◆ **ACTIVITY**
Among the lines below, keep only those from the one containing "Foto de Est&uacute;dio A Fotografia 26" through the one containing "901 Sherman Street Mckinney TX 75069", and reproduce them exactly.

Records contained in a dataset:
Content starts
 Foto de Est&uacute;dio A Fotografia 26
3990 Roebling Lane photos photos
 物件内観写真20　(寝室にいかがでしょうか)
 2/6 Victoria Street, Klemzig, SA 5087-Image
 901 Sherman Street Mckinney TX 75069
Content ends
Content starts
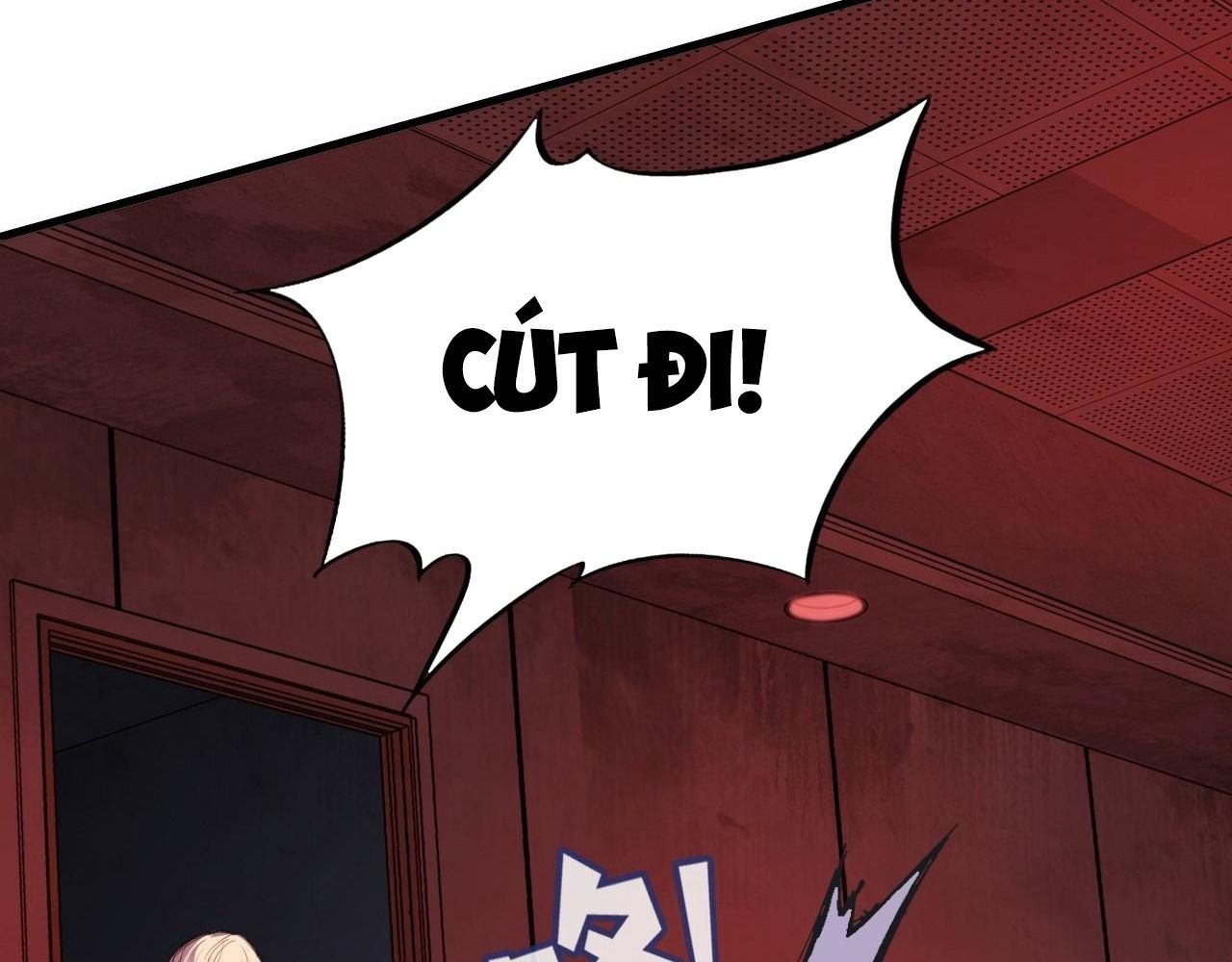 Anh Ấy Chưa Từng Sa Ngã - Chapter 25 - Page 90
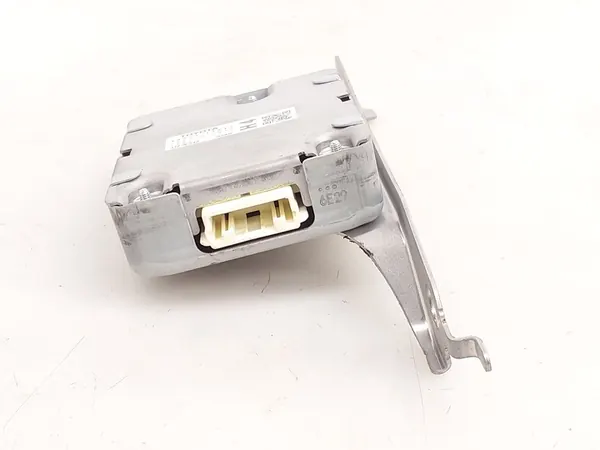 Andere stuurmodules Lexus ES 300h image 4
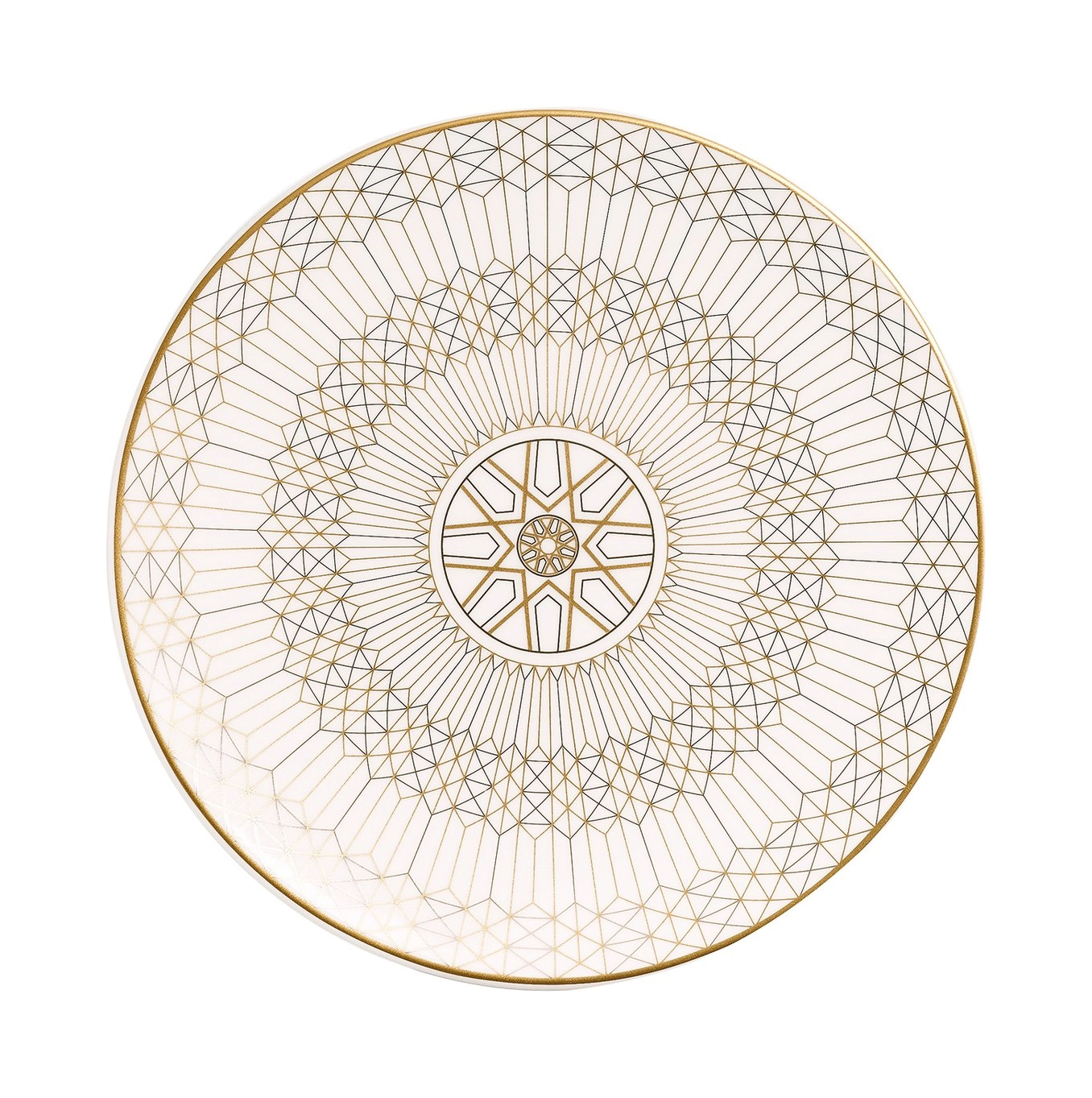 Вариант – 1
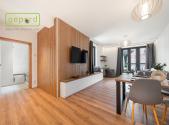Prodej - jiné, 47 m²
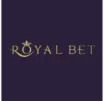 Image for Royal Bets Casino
Content ends
Content starts
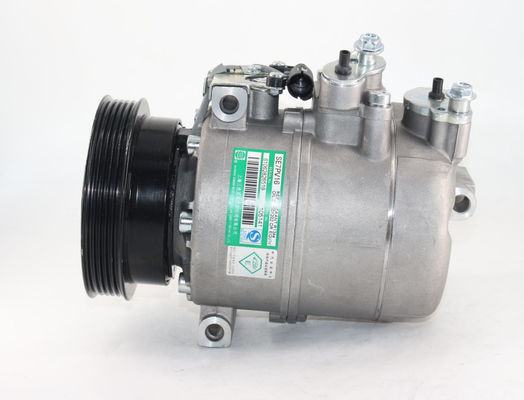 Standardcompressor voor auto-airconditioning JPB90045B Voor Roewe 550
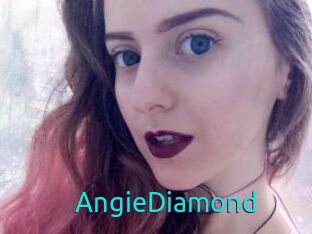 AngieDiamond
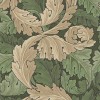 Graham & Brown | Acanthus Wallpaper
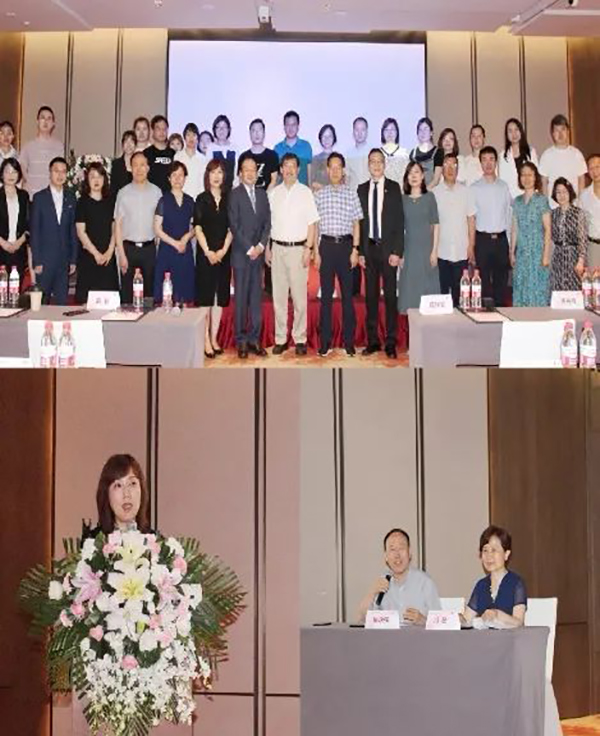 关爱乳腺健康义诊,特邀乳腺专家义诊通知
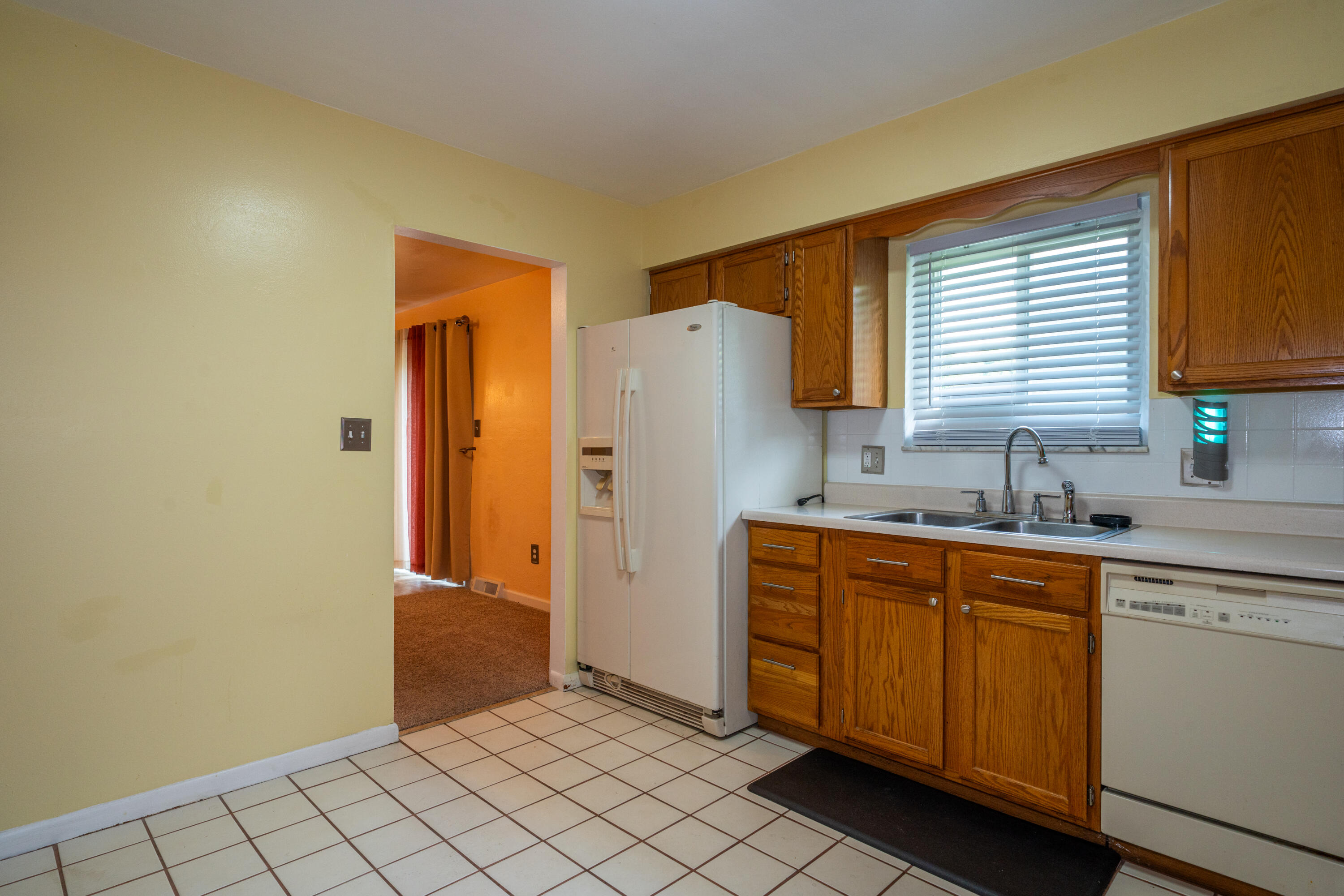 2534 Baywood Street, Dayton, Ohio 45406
Content ends
◆ **ANSWER FOR THE TASK**
 Foto de Est&uacute;dio A Fotografia 26
3990 Roebling Lane photos photos
 物件内観写真20　(寝室にいかがでしょうか)
 2/6 Victoria Street, Klemzig, SA 5087-Image
 901 Sherman Street Mckinney TX 75069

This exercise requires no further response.